LONDON, May 8 (Reuters) - Britain's water polo women are ready to bring the sport back to its birthplace following a journey of sacrifice, funding cuts and fortnightly trips to Hungary to play in a professional league.

"We've worked for such a long time. It's all about what happens when we get in that water. We know what we want to do, we want to play well," Fran Leighton, captain for the last eight years, told Reuters.

Britain hosted Australia, Hungary and the United States in a test event at the Olympic venue which gave water polo exposure in Britain like it has never had before, and stirred up public excitement about it ahead of the Games proper.

Despite losing all four of their matches, the British team had much to be encouraged by with some rousing performances against the world's best including a narrow 7-6 defeat to the United States.

For 30-year-old Leighton, the current wave of excitement is one she has been riding since 2005 when London was awarded the Games but there have been tough choices along the way.

"As soon as when we won the bid, there were decisions about what do you want do with your life? Do you want to go and work or do you want to do your training?," she said, speaking against the backdrop of 5,000 brand new seats peering over the brightly lit pool.

"Quite a lot of my fiends have houses, proper jobs, kids, and I'm fine without any of that. I decided to make the decision back then that I wanted to try and get to the Olympics."

Leighton works as a swimming teacher in Manchester, where the women's squad is based, and says around half the team have jobs or are studying. Britain, unlike Greece, Hungary and Italy, does not have a professional women's or men's league.

In 2009 the sport received a blow when funding injected to prepare for the Olympics was slashed, but a year later it was buoyed when it received a slight raise.

Leighton shrugs off the impact of the cuts.

"When you come from a sport that's never been funded before, it was brilliant when we got funded. When it was taken away, we were like we still want to do it, it doesn't really change anything, it just means you have to make bigger decisions like do you have to pick up another job."

COMPETITIVE

The sport, played in a pool with football-style goals and often likened to a version of rugby because of its roughness, was developed in Britain in the nineteenth century but the men's team has floundered since a four gold medal haul in the early part of the 20th century, while the women's game only became an Olympic sport in 2000.

The British women's qualification was a result of its host nation position, but Leighton is confident the team has done enough to ensure it will be more than competitive come July.

"The Olympic champions (the Netherlands) got knocked out last week and the world champions, Greece, aren't coming to the Olympics, that's a big shock. With the women's games it is one of these where you could come first or last," Leighton said.
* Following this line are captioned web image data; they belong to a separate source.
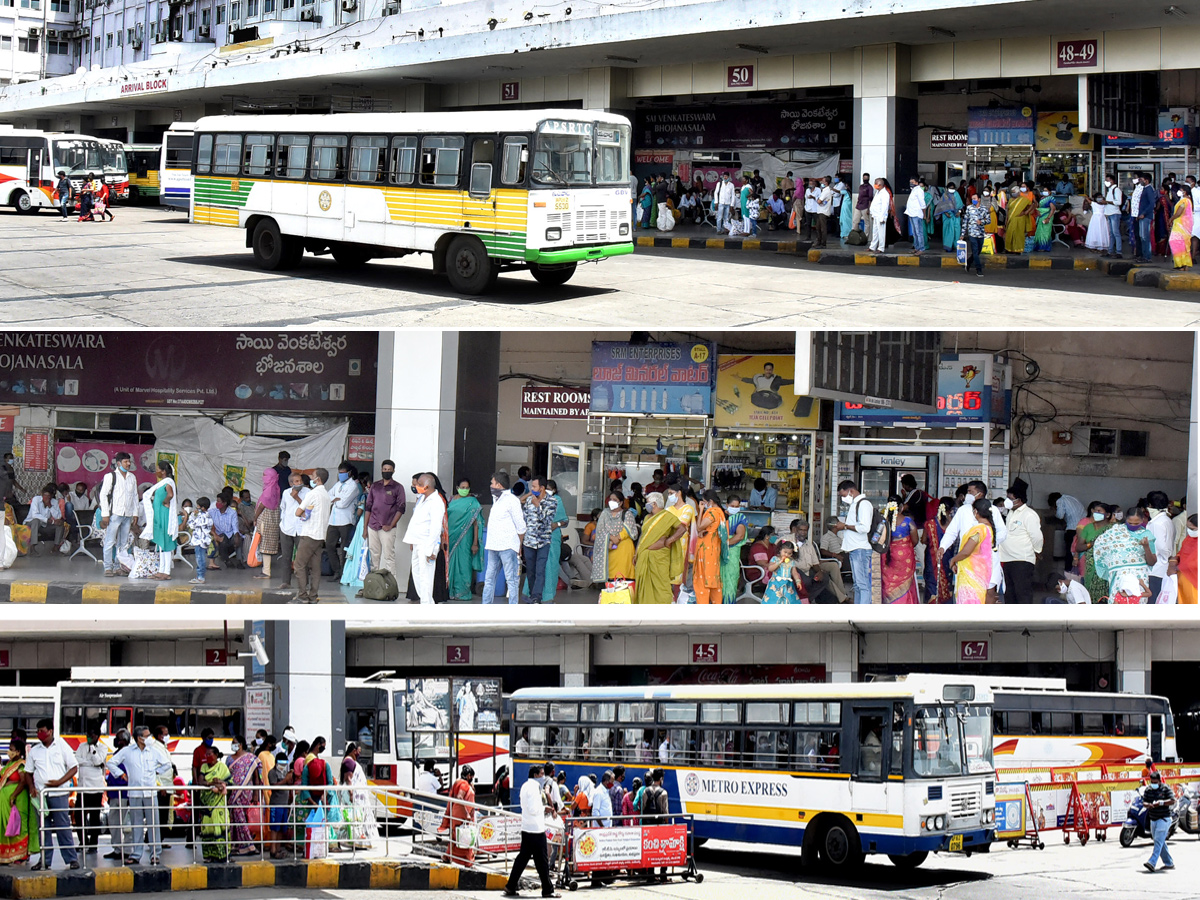 Huge Crowd in Vijayawada Bus Station Photo Gallery - Sakshi1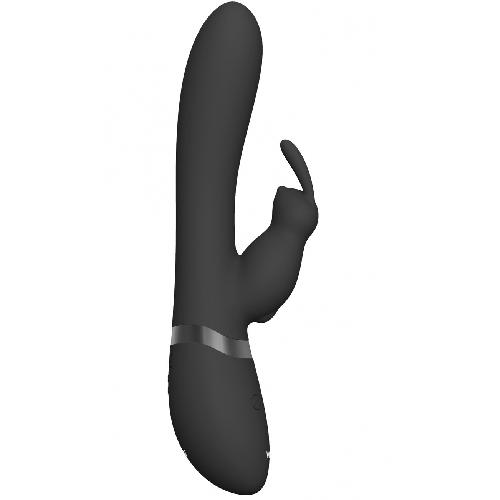 Vibromasseurs Vibromasseur USB Triple Fonction Gonflant Taka Noir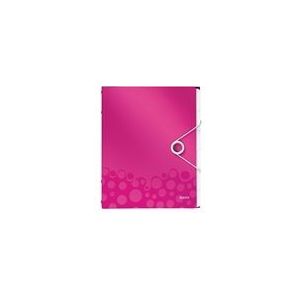 Leitz 4633 WOW sorteermap | roze metallic | 6 tabs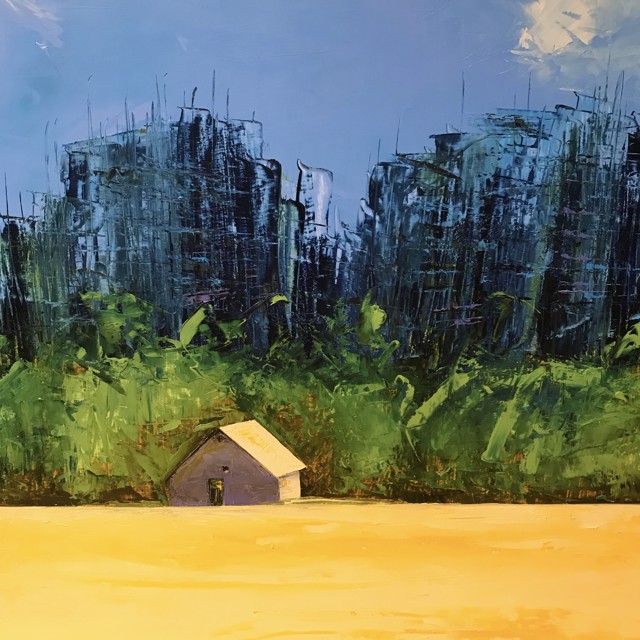 Janis H. Sanders | Summer Field | Oil on Panel | 24" X 24" | $2,500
"I think for us to come top six would be a massive success."

Their coach, Hungarian Szilveszter Fekete, agreed that the women's game is fluid and said the British team had benefited from its participation in the Hungarian national league last year.
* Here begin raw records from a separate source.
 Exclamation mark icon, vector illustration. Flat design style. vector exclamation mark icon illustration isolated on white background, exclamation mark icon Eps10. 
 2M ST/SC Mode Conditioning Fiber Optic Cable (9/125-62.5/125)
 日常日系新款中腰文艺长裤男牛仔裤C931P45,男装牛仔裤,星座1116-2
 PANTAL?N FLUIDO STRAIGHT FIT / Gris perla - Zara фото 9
"Women's water polo is very, very equal," Fekete said, while warning that the United States and Australia, who won silver and bronze respectively at the Beijing Olympics, would be tough.

"Physically they are bigger, stronger, and they know everything," he said.

As she gazes out at the stadium seats crowding over Britain's only water polo-specific venue, a giant sloping shoe box-like structure which is temporary, the talk of bigger, stronger opponents does not scare Leighton.